Who Gets to Wear a Headscarf? The Complicated History Behind France’s Latest Hijab Controversy

Of note:

The head of French President Emmanuel Macron’s political party withdrew support late last week for one of the party’s own candidates, Sarah Zemmahi, after she wore a headscarf in a campaign poster.

Stanislas Guerini, one of the co-founders of Macron’s centrist Republic on the Move party (LREM), took to Twitter to critique Zemmahi, an engineer who is running for her local council, for wearing her hijab, a religious head covering worn by some Muslim women, in a promotional image.

“Wearing ostentatious religious symbols on a campaign document is not compatible with the values of LREM,” Guerini wrote, after a prominent far-right politician shared the photo. “Either these candidates change their photo, or LREM will withdraw its support.”

While Zemmahi has not yet responded to Guerini’s statements, he received pushback from others in the party. LREM lawmaker Naima Moutchou defended Zemmahi on Twitter, calling Guerini’s criticism “discrimination,” while fellow LREM politician Caroline Janvier called out Guerini’s response in a scathing tweet.

“Undignified. Running after (far-right) votes will only allow their ideas to prevail. Enough is enough,” she wrote.

The conflict over one woman’s choice to cover her head comes in the wake of controversy surrounding an amendment passed by the French Senate last month that would ban girls under 18 from wearing the hijab in public. As part of a proposed “anti-separatism” bill, it was presented alongside amendments that would also prevent mothers from wearing hijabs on their children’s school trips and would ban the “burkini,” a full-body swimsuit.

While some French politicians have defended the amendment as a reinforcement of the country’s adherence to secularism, others have slammed it as yet another instance of part of an ugly strain of Islamophobia in the nation, which is home to the largest Muslim population in Western Europe—a population that has experienced increased discrimination in recent years, in the wake of terrorist attacks by Islamic extremists in recent years and the rise of far-right politics.
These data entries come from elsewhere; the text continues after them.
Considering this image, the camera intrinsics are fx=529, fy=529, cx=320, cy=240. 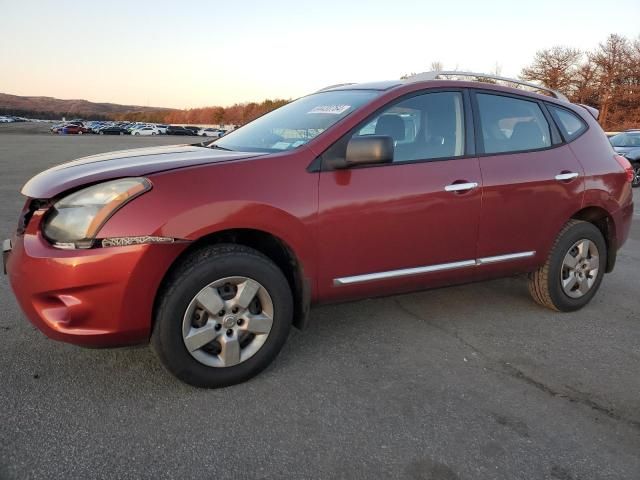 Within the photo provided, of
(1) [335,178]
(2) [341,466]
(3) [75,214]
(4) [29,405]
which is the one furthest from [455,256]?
(4) [29,405]

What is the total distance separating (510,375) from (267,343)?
4.71ft

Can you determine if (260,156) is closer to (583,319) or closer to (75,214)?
(75,214)

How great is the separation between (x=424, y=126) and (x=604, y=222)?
1.94 metres

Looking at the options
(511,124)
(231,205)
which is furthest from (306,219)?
(511,124)

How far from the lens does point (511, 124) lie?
3857mm

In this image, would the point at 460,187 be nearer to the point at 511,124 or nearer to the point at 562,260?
the point at 511,124

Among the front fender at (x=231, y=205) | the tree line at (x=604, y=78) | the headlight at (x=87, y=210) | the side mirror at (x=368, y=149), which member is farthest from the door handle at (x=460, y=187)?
the tree line at (x=604, y=78)

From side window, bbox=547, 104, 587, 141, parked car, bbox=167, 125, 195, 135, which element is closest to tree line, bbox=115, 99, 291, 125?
parked car, bbox=167, 125, 195, 135

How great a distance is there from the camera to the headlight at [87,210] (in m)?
2.49

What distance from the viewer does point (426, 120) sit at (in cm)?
352

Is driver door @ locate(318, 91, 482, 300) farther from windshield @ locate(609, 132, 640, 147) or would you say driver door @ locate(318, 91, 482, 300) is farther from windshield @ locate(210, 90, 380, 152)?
windshield @ locate(609, 132, 640, 147)

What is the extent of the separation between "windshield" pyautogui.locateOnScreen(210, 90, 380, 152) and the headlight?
3.09 ft

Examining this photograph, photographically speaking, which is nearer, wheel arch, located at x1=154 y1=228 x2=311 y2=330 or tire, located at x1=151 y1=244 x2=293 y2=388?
tire, located at x1=151 y1=244 x2=293 y2=388

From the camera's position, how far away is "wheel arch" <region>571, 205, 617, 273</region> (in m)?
4.19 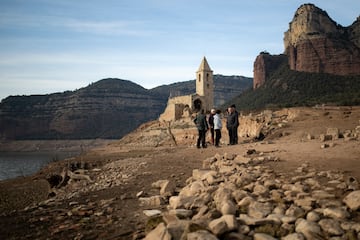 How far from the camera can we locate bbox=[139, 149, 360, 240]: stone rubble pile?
14.8 ft

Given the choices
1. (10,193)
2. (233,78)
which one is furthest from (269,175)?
(233,78)

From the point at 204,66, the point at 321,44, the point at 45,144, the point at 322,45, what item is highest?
the point at 321,44

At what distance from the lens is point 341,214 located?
188 inches

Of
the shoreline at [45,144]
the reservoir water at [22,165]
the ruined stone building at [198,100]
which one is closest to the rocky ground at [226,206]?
the reservoir water at [22,165]

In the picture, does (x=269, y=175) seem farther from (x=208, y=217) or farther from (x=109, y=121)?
(x=109, y=121)

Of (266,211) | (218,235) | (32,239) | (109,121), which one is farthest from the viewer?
(109,121)

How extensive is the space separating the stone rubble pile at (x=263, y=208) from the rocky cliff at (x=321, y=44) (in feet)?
229

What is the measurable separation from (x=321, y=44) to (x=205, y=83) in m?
37.4

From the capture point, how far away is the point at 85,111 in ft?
456

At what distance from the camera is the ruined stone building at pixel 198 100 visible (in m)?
50.6

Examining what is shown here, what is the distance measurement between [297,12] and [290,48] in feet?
33.6

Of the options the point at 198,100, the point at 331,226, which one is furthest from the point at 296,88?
the point at 331,226

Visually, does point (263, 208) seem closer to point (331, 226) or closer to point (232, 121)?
point (331, 226)

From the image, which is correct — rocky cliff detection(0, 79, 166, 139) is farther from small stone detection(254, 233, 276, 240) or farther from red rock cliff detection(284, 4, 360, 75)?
small stone detection(254, 233, 276, 240) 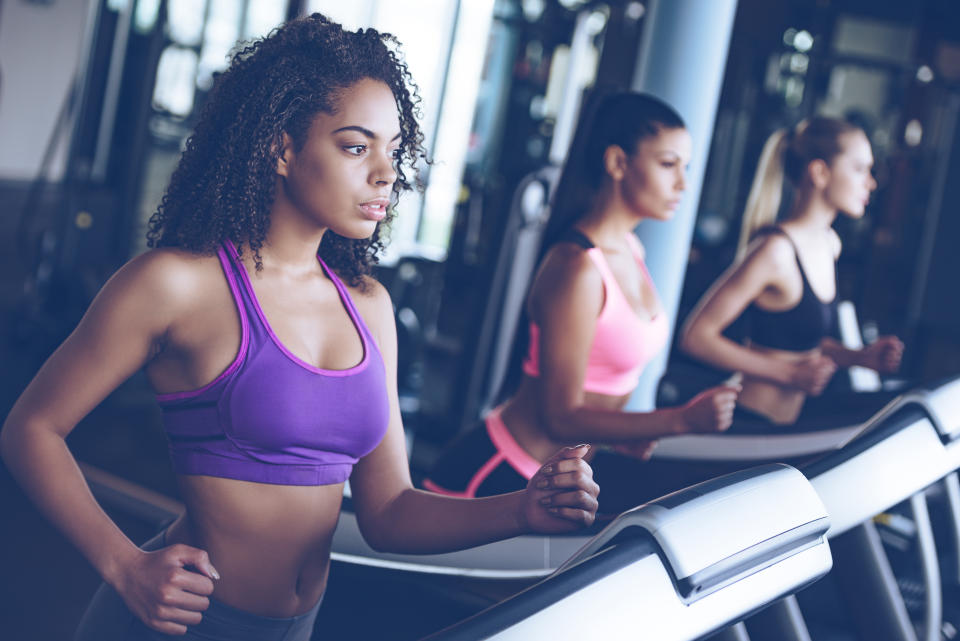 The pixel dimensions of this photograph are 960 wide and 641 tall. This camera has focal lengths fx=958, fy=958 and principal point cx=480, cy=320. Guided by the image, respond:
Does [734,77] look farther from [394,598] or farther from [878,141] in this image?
[394,598]

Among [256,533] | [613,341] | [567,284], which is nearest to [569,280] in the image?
[567,284]

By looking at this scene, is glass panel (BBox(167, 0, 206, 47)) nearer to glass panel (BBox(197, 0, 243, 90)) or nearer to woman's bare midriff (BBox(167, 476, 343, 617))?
glass panel (BBox(197, 0, 243, 90))

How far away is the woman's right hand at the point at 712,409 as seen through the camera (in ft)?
4.09

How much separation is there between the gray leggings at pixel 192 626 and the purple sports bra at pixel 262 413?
0.49ft

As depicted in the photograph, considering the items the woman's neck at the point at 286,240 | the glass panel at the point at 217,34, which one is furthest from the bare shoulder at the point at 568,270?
the glass panel at the point at 217,34

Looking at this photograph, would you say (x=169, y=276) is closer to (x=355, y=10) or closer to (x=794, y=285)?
(x=794, y=285)

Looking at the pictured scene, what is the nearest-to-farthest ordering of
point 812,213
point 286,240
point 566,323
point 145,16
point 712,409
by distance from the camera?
point 286,240 → point 712,409 → point 566,323 → point 812,213 → point 145,16

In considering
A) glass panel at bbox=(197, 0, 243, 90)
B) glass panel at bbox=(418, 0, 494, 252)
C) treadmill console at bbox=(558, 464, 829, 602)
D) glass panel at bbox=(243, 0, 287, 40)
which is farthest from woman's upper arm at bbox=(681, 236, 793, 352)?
glass panel at bbox=(243, 0, 287, 40)

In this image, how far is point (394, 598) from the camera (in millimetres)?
1250

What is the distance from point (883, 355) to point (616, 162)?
890 millimetres

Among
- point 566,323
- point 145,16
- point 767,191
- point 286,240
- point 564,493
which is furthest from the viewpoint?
point 145,16

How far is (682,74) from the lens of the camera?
103 inches

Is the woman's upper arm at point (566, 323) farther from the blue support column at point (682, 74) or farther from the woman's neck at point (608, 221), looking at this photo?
the blue support column at point (682, 74)

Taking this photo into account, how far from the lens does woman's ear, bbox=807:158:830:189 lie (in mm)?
2275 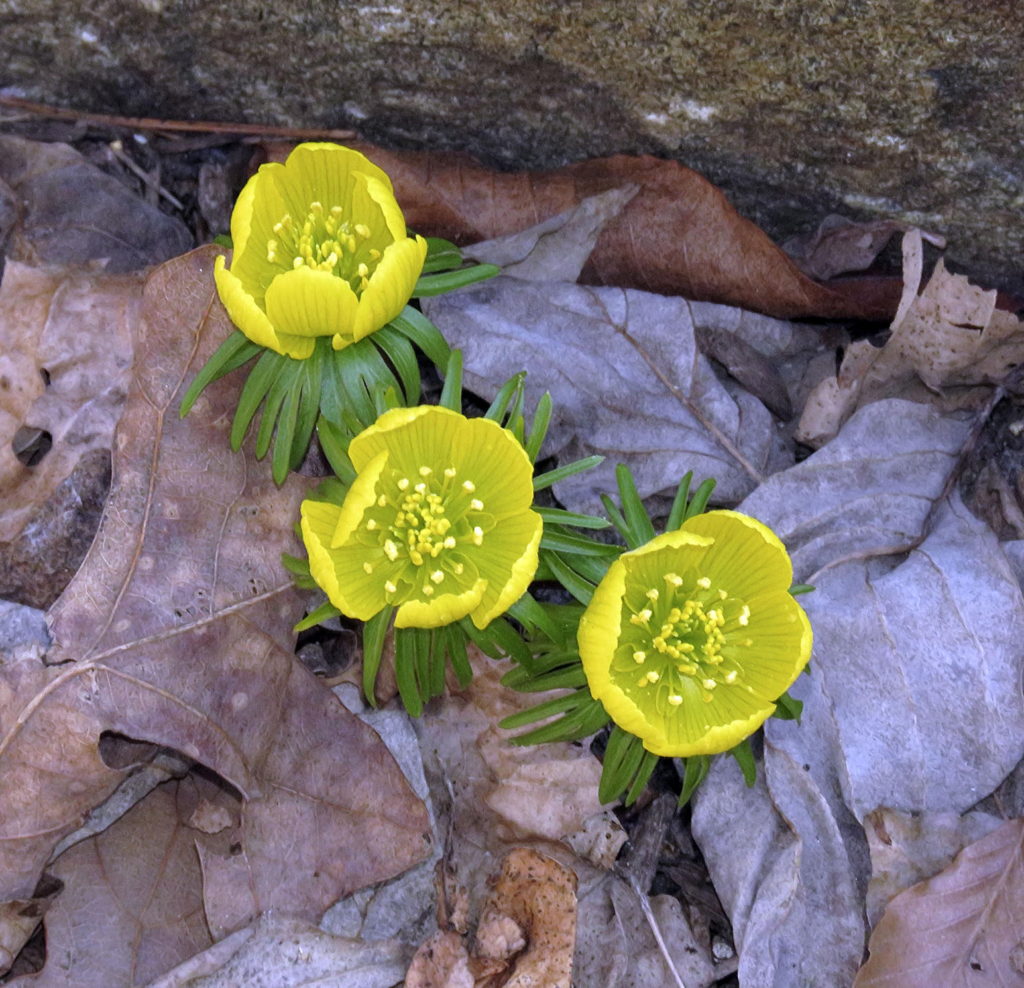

One 2019 report found that 44.6% of the country considered Muslims a threat to French national identity, while a government survey from the same year listed that 42% of Muslims (other studies put the figure at 58%) reported experiencing discrimination due to their religion, a number that increased to 60% for women who wore a headscarf.

But understanding why the hijab is the site of so much controversy in France also requires understanding the deep history behind the debate.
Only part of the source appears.